L’ancien, parlons-en quelque instants. L’année s’est terminée par un record de transaction : plus de 1 110 000 ventes, un peu moins qu’en 2021, mais bien au-delà des valeurs historiques. L’ancien connait aussi sur la fin de l’année un fort ralentissement. Mais les notaires n’hésitent pas à parler d’accalmie après l’euphorie, en rappelant que le marché reste solide. Les prix de l’ancien poursuivent leur progression, particulièrement en zones tendues. A ce sujet il n’est pas inutile de préciser que sur une échelle de temps de 5 ans, en Loire-Atlantique les prix des maisons et des appartements ont progressé respectivement de 38 % et 45 %* alors que dans le même temps pour le neuf (logements collectifs libres, hors dispositif aidés) la progression n’a été que de 22 %. Toujours sur 5 ans à Nantes, l’ancien progresse de 52 % pour les appartements et 63 % pour les maisons. Le neuf progresse quant à lui de 34 %.

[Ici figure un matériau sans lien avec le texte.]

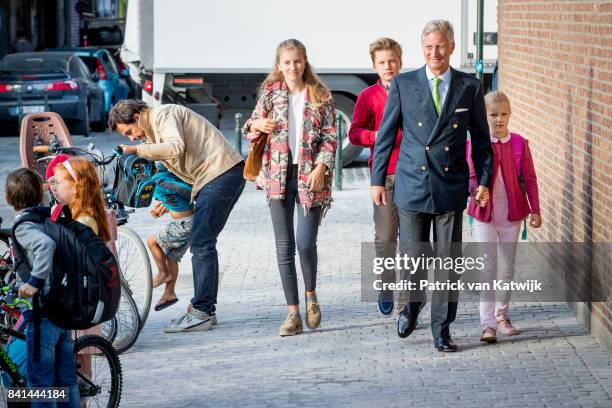 King Philippe of Belgium bring his children Princess Elisabeth of Belgium, Prince Gabriel of Belgium and Princess Eleonore of Belgium to school at...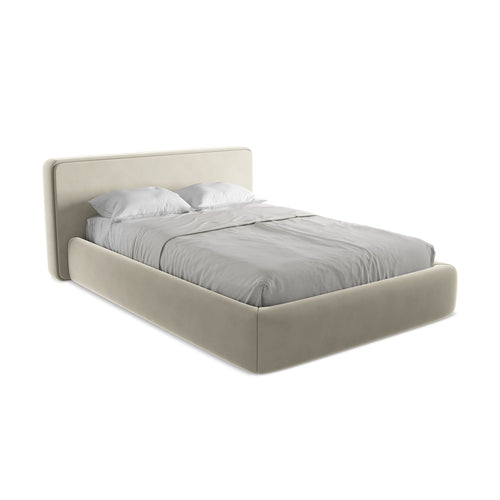 LaMiaSofa Bed met opbergruimte Firenze - velours - parel - 180x225x82
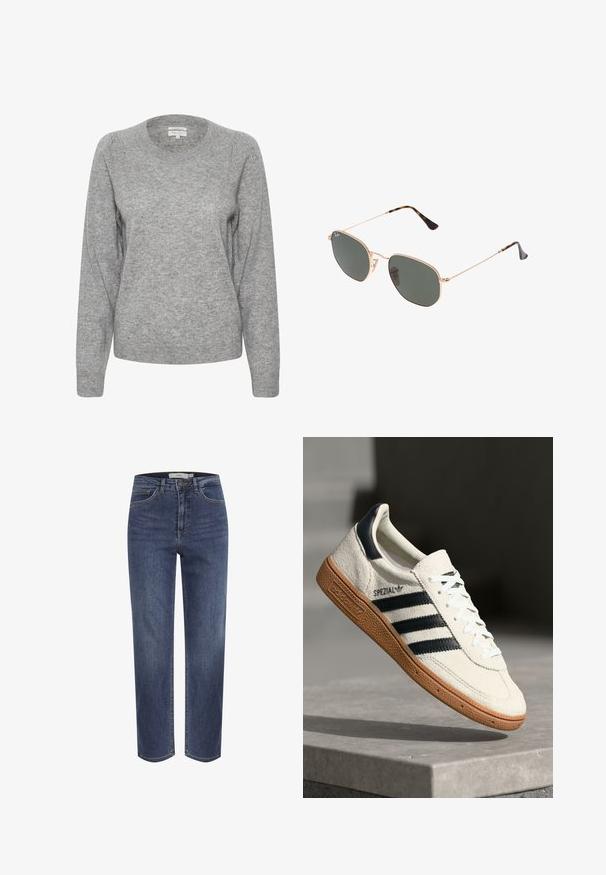 Siva pulover z okroglim izrezom, dolgimi rokavi in rebrastimi manšetami. Tkanina se zdi mehka z lahkotno teksturo in nekoliko ohlapnim krojem.; Denim hlače v temno modri barvi s ravnim krojem, petimi žepi in klasičnim šivanjem. Imajo zapiralo na gumb in zanke za pas.; Bela nubuk superga s športnimi trakovi v temno modri barvi, gumijastim podplatom, strukturirano zgornjo plastjo, okroglim nosom in vezalkami; vsebuje blagovno znamko na strani in jeziku.; Sončna očala z zlatim kovinskim okvirjem in temno zelenimi lečami, aviatorskega sloga, z vitekimi ročaji in želvovim vzorcem na konicah.; Svetlo rjava suknjena torba z ukrivljeno obliko, kontrastnim šivanjem, zlatimi dodatki in z zadrgo sprednjim žepom.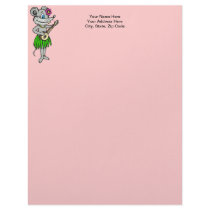 Hawaiian Hula Mouse Personalized Letterhead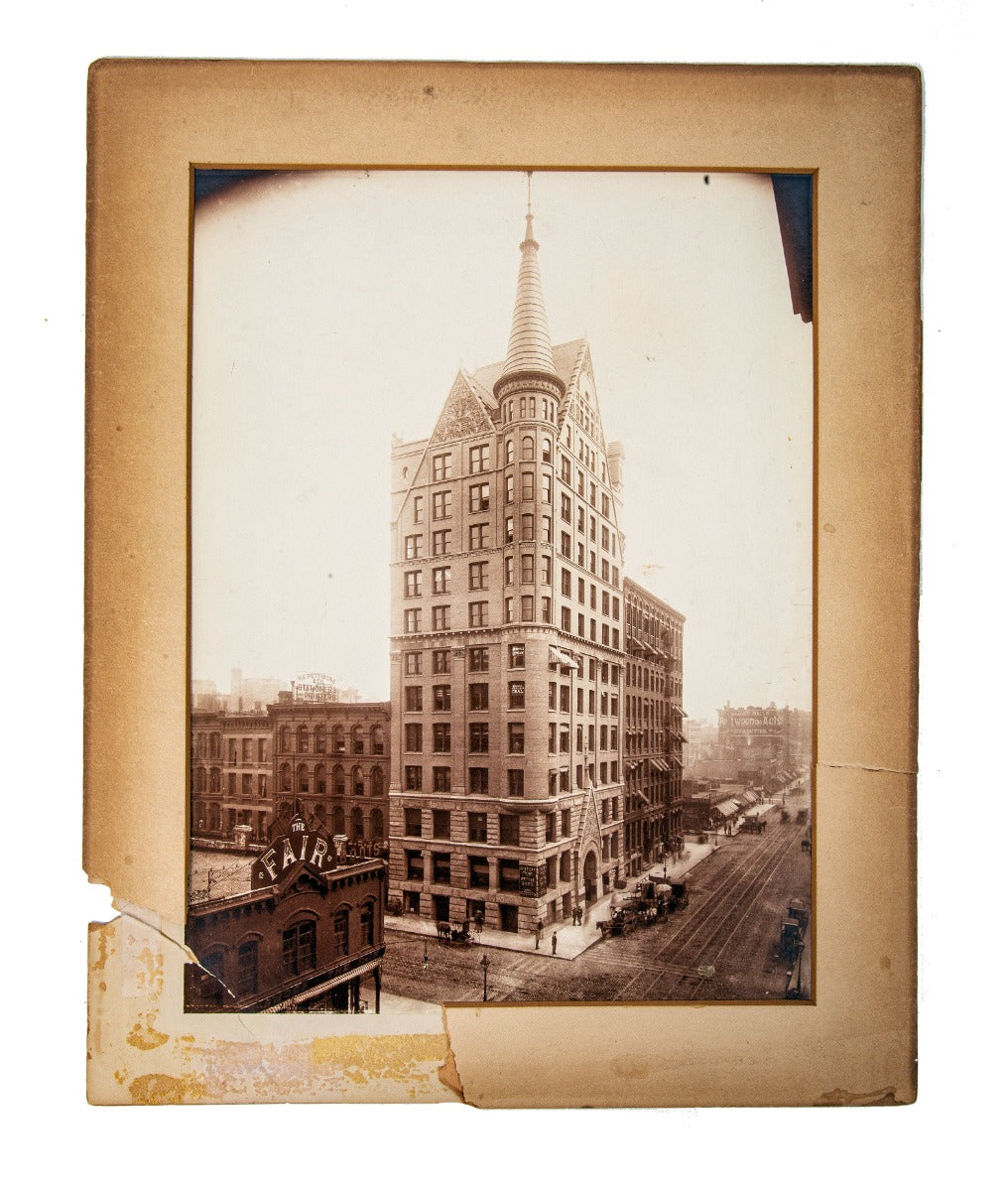 museum-quality late 19th or early 20th century j.w. taylor oversized photographic albumen print of cobb and frost's owings building (1890)
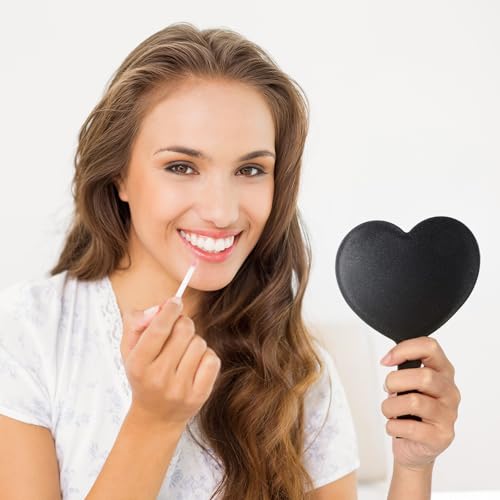21 Pcs Heart Mirror Hand Held Mirror Valentines Day Gifts Cute Travel Makeup Plastic Heart Shaped Mirrors with Handle Gifts for Women Her Christmas Birthday Party Favor Cosmetic Travel Makeup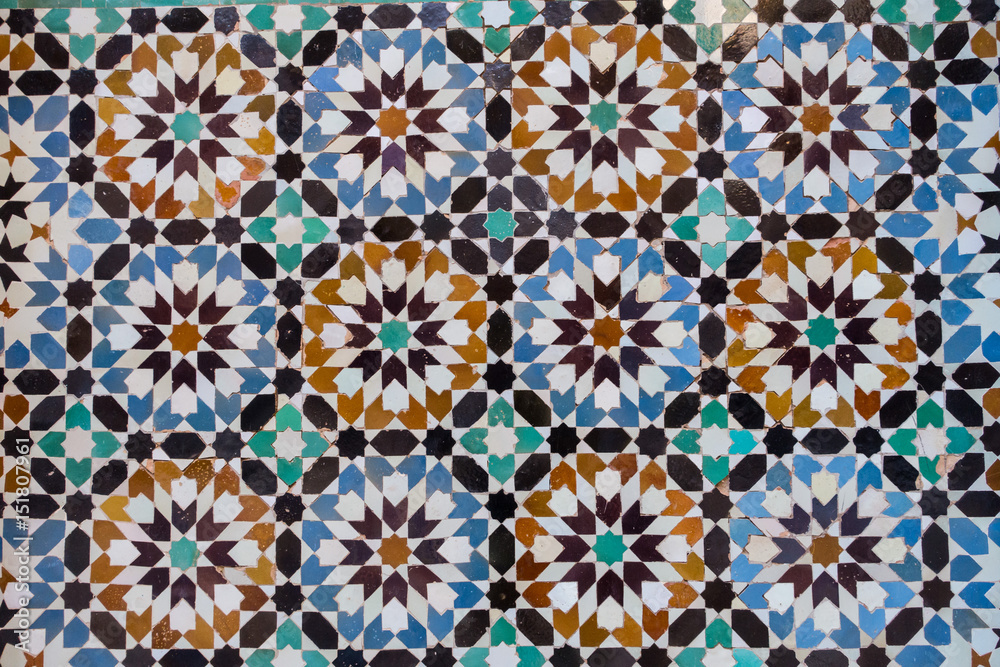 Moroccan typical mosaic ceramic tiles ornament, Marrakech, Morocco
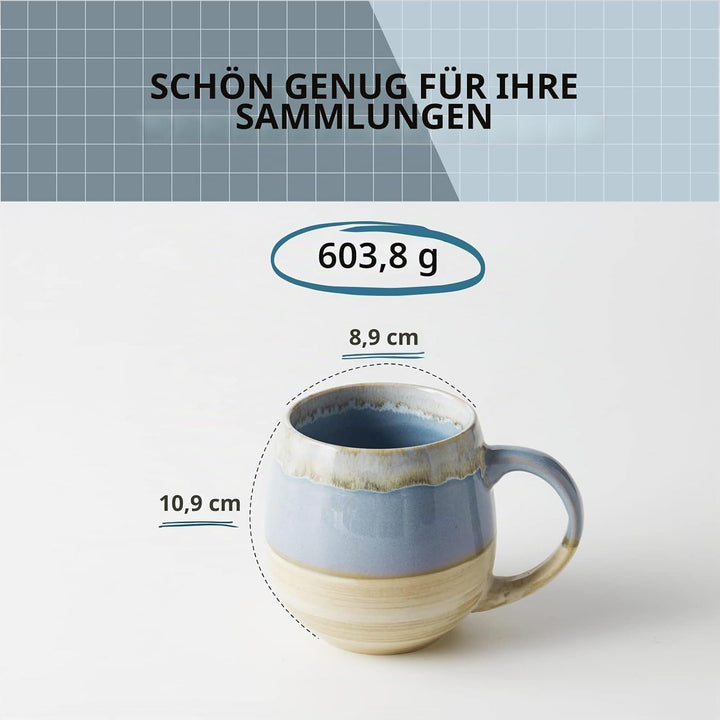 LIFVER - 2 x 620 ml - Kaffeetassen Set/Becher - Moderne Keramik Tasse - Kaffeetasse gross - Kiln Gla
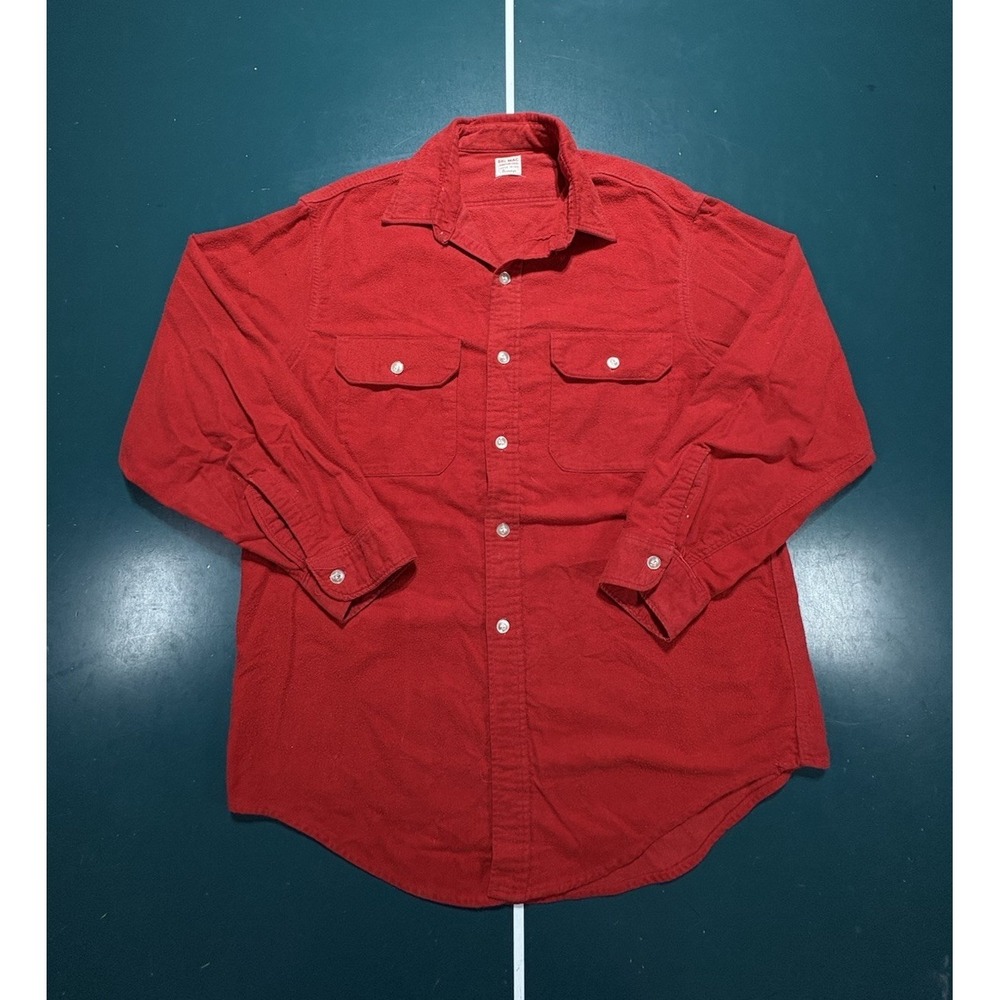 Vintage 50s Penneys Big Mac Sanforized Chamois Flannel Shirt Men's Large Red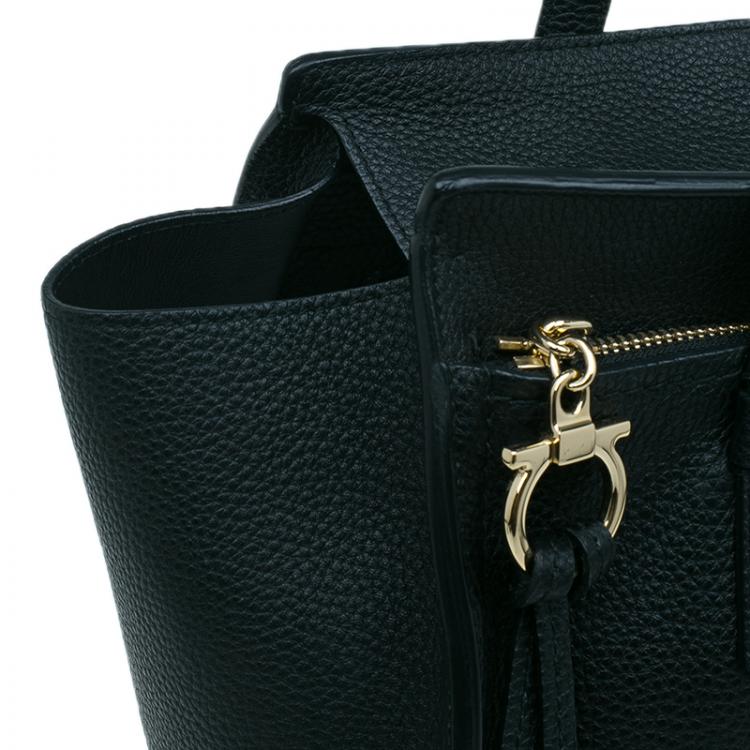 Pre Owned Salvatore Ferragamo Black Pebbled Leather Medium Amy Tote Bag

Ce décalage entre les évolutions du neuf et de l’ancien s’explique par la constitution d’un prix différent pour les deux marchés : pour le neuf celui-ci est directement lié à l’augmentation de ses composantes : prix du foncier et surtout coût des travaux. Pour l’ancien, il s’agit d’une comparaison au marché, qui reste en forte demande.
Mais l’augmentation de l’ancien sur les villes centres pèse aussi sur l’augmentation des prix du neuf. En effet la reconstruction de la ville sur la ville, une obligation nécessaire à la tenue de la trajectoire ZAN, se nourrit de la reconversion de biens existants dont les prix progressent fortement comme on l’a vu.
L’année 2023 démarre avec plein d’interrogations : inflation, hausse des taux bancaires, évolution du conflit en Ukraine, mutation énergétique, urgence climatique. Comment vont réagir les acquéreurs dans les mois à venir, retrouveront-ils l’envie et les moyens d’acheter dans le neuf, production indispensable à l’équilibre des territoires ?
Lors de nos conférences de début d’année, des experts seront là pour analyser la question du financement des particuliers mais aussi les nouvelles façons de concevoir des projets dans un environnement comme celui que nous connaissons.
Pour éclairer le débat, notre association qui vient de publier un ouvrage intitulé Urgence(s) logement, disponible sur le site OLOMA (https://oloma.fr/edition)
Un dernier mot concernant le logement neuf : dans mon édito début 2022 je disais que celui-ci « doit impérativement se sortir des blocages qu’il connaît à tous les niveaux et retrouver sa dynamique », cette injonction reste malheureusement d’actualité, car la production de logements est dans le temps long.
Bertrand MOURS, Président
Sauf exceptions mentionnées dans le texte, les variations exprimées dans cet édito s’entendent en comparaison de la même période un an plus tôt. Les prix sont donnés hors stationnement et hors dispositif d’aide, rapportés à la surface habitable du logement.
(*) Chiffres publiées par la chambre des notaires de Loire Atlantique janvier 2023.